PROBLEM STATEMENT:
Each line of the listing below must be retyped exactly, with images left out.

SUPPLIED MATERIAL:
......

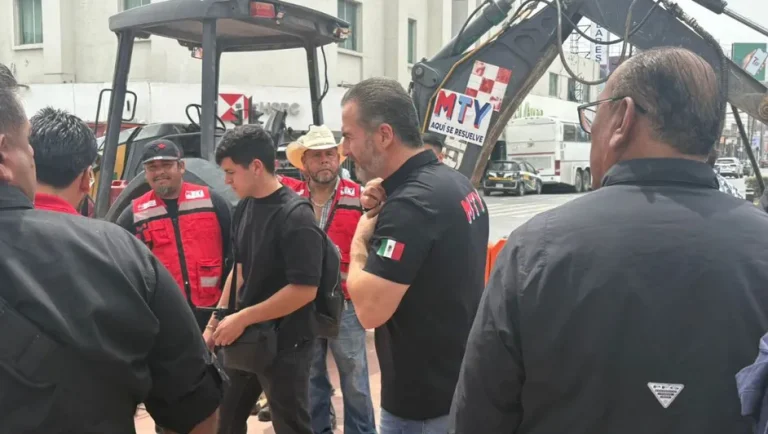 Reabrirán carriles centrales de Pino Suárez bajo el Arco de la Independencia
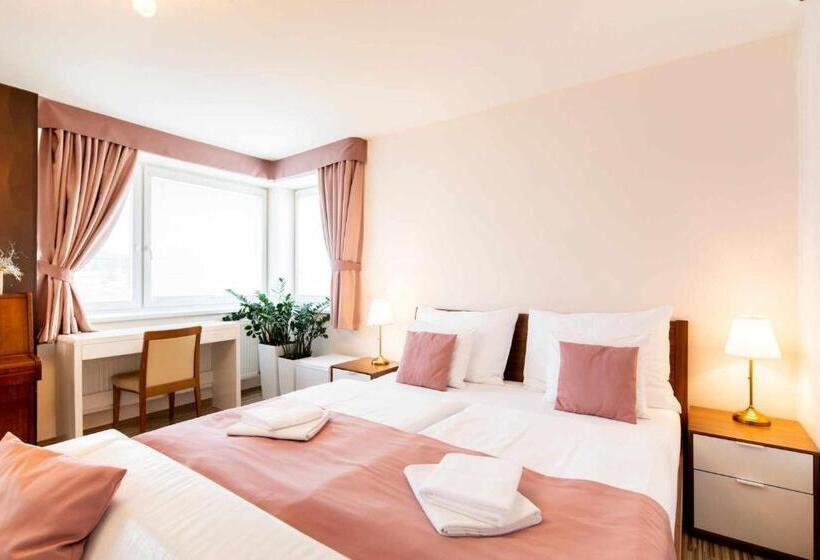 پانسیون Penzion Uno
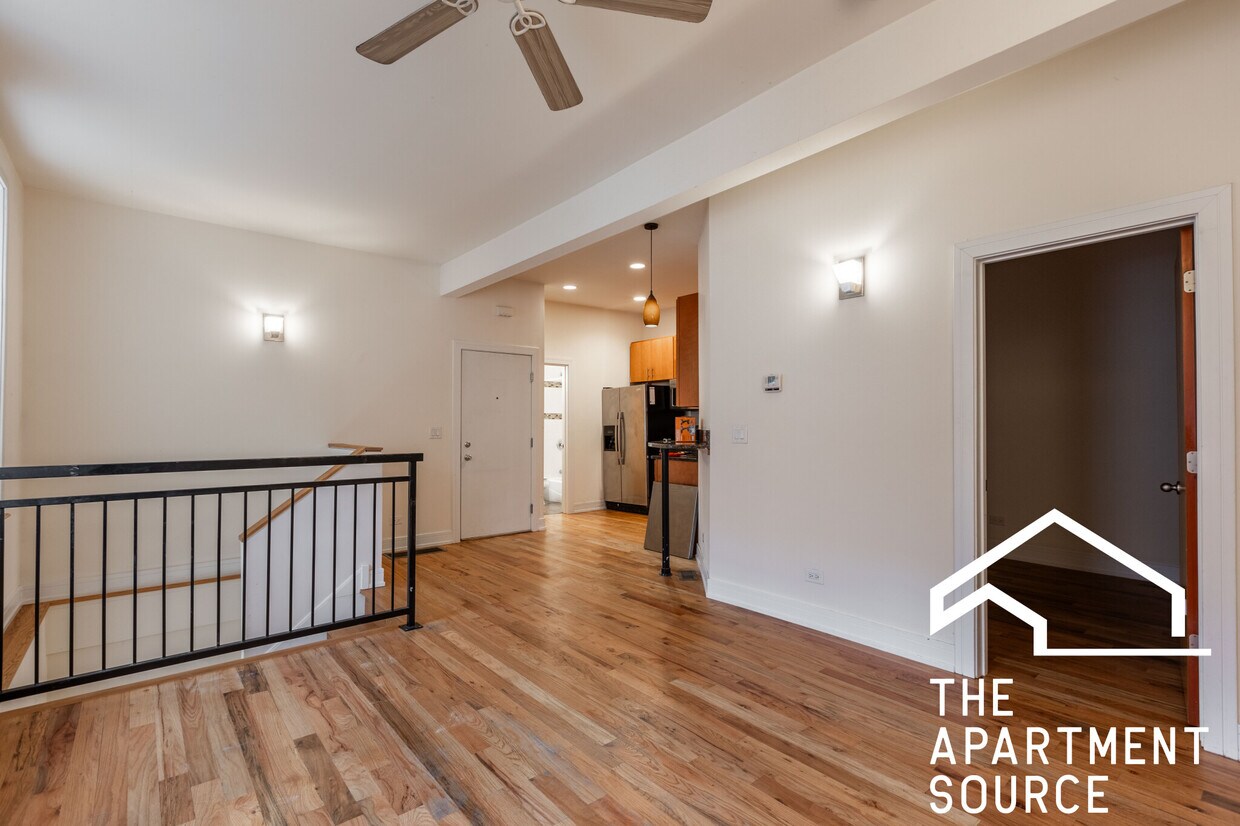 Foto principal - 2835 N Damen Ave
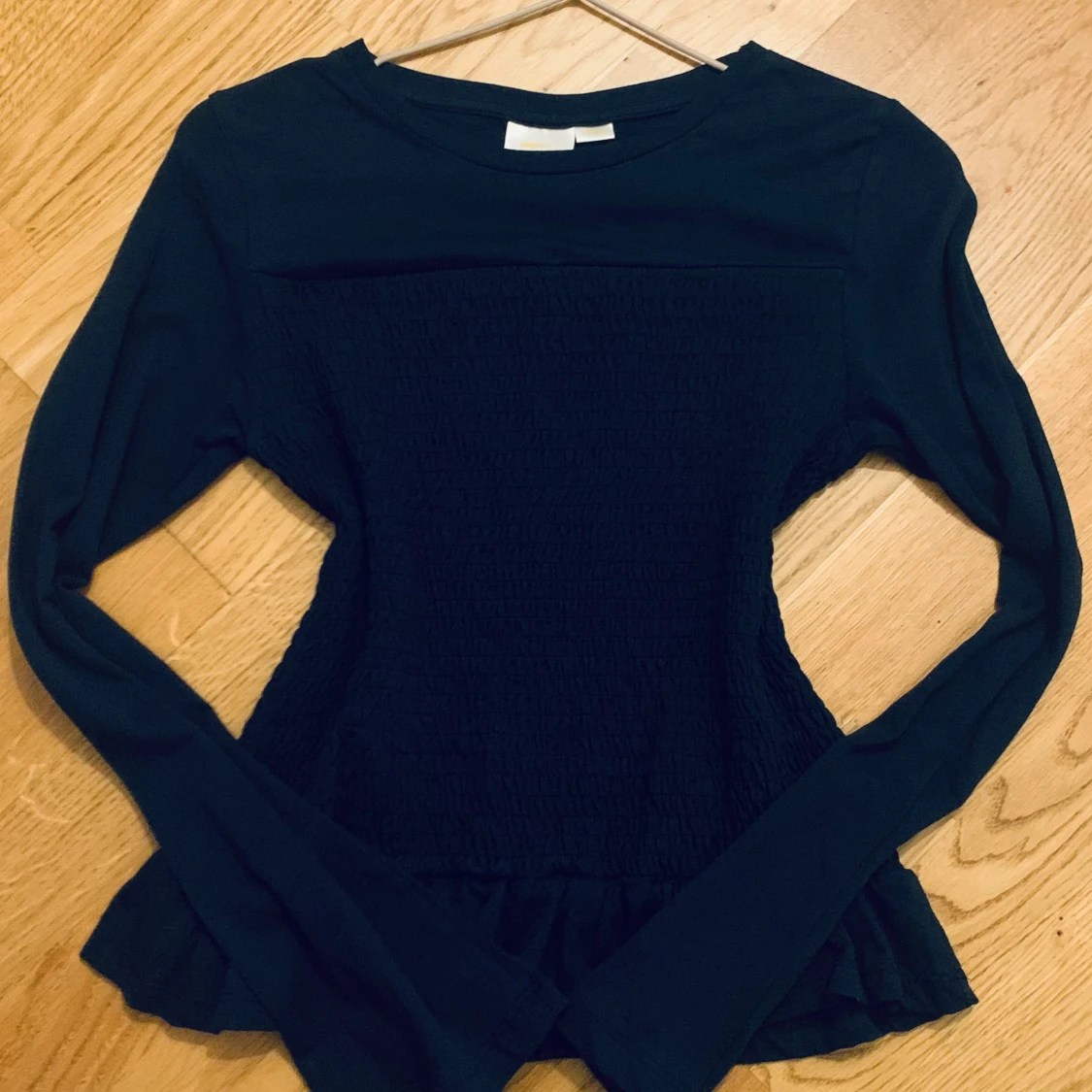 Mörkblå långärmad topp med volang - 2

......

RESPONSE:
 Reabrirán carriles centrales de Pino Suárez bajo el Arco de la Independencia
 پانسیون Penzion Uno
 Foto principal - 2835 N Damen Ave
 Mörkblå långärmad topp med volang - 2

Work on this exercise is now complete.